Grizzly Bear nos demostró que la confianza y la colaboración mutua sirvió como telón de fondo para la creación del reciente álbum. Las intensas y melancólicas voces de Ed y Daniel siguen presentes en este álbum, pero a diferencia de álbumes anteriores, “Painted Ruins” se expande de manera en que el talento de cada uno de los miembros florece insensatamente. Ed recientemente dio una entrevista a Pitchfork en donde dijo: “Hay un toque de sobrecarga sensorial en la instrumentación, y las melodías individuales no tienen sus ganchos en el cerebro. Para algunos, las composiciones de Grizzly Bear es parte de la diversión, una cadena interminable de decisiones inesperadas. Para otros, hará que la música agresivamente de buen gusto y bien producida pueda caer como una sonrisa que le dan a un compañero de trabajo de pasada”.

Si bien, este es posiblemente el álbum más revoltoso de la banda, con letras inquietas, lo convierte en el disco más divertido y enérgico en la historia de Grizzly Bear, como ejemplo “Mourning Sound” ciertamente impulsa el poder pop y llega tan cerca de él como el álbum, con sintetizadores y un ritmo constante.
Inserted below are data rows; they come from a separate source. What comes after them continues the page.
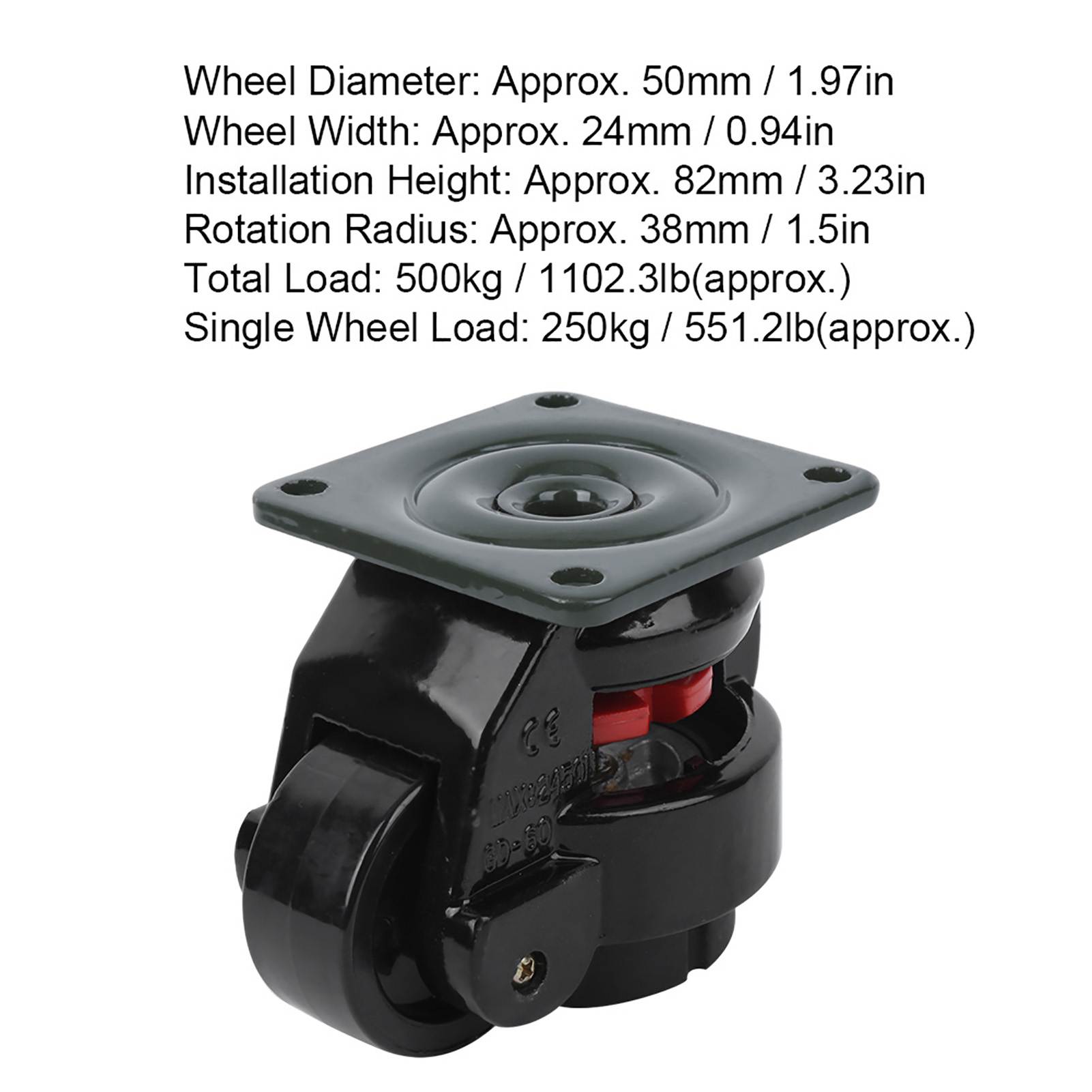 4 Buah Roda Caster Penyesuaian - Heavy Equipment Operator ulasan dan harga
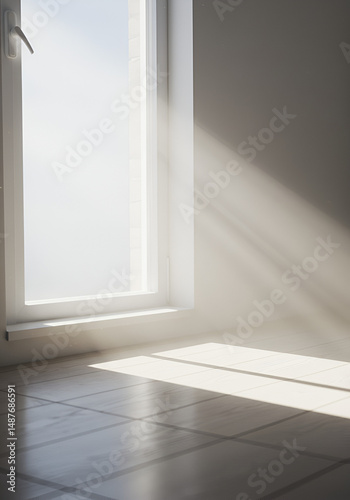 Sunlight streams into a room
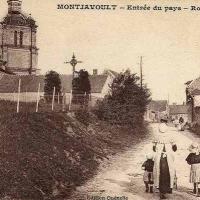 Montjavoult oise cpa route du marais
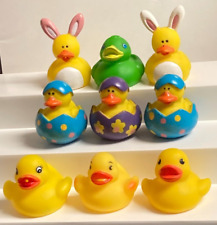 Lot Of (9) Easter Rubber Chicks & Ducks picture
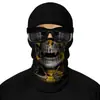 Máscara de Montar para Motocicleta al Aire Libre Cubierta Facial 3D Sudadera Deportiva Sombrero a Prueba de Polvo y Frío Forro de Casco Resistente al Viento
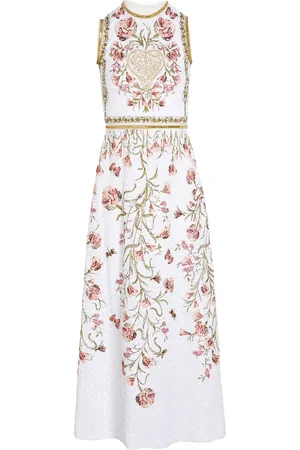 Giambattista Valli Robe mi-longue à sequins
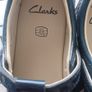 Clarks girls navy shoes BNWT size 12G Image 2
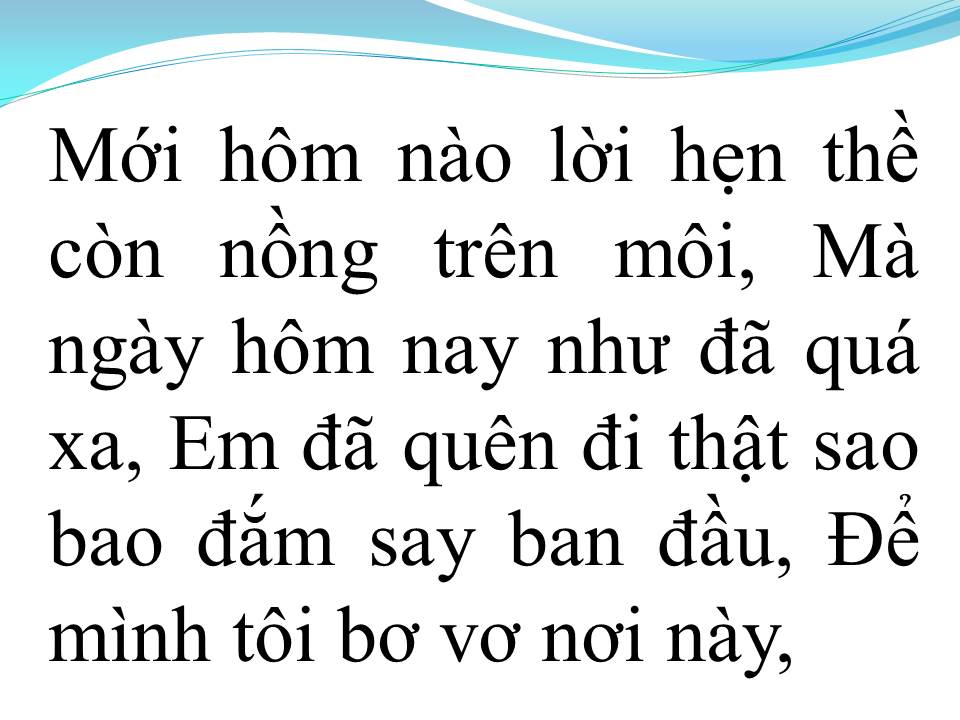 Lời bài hát TRỞ VỀ BẾN XƯA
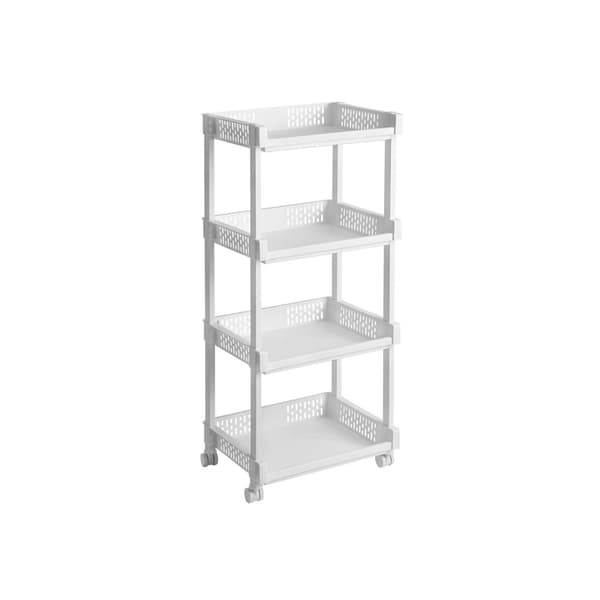 Plastvagn vit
Si bien, no encontraremos singles brillantes como lo fueron “Two Weeks”, o “While you wait for the others”, retoma con acierto el folk vertiginoso y las clásicas armonías apasionantes y con gran euforia, por lo que el regreso de unas de las bandas más importantes y connotadas del indie rock, valió completamente la espera, y nos refleja los casi 15 años de carrera de la banda estadounidense, lo que nos deja más que satisfechos.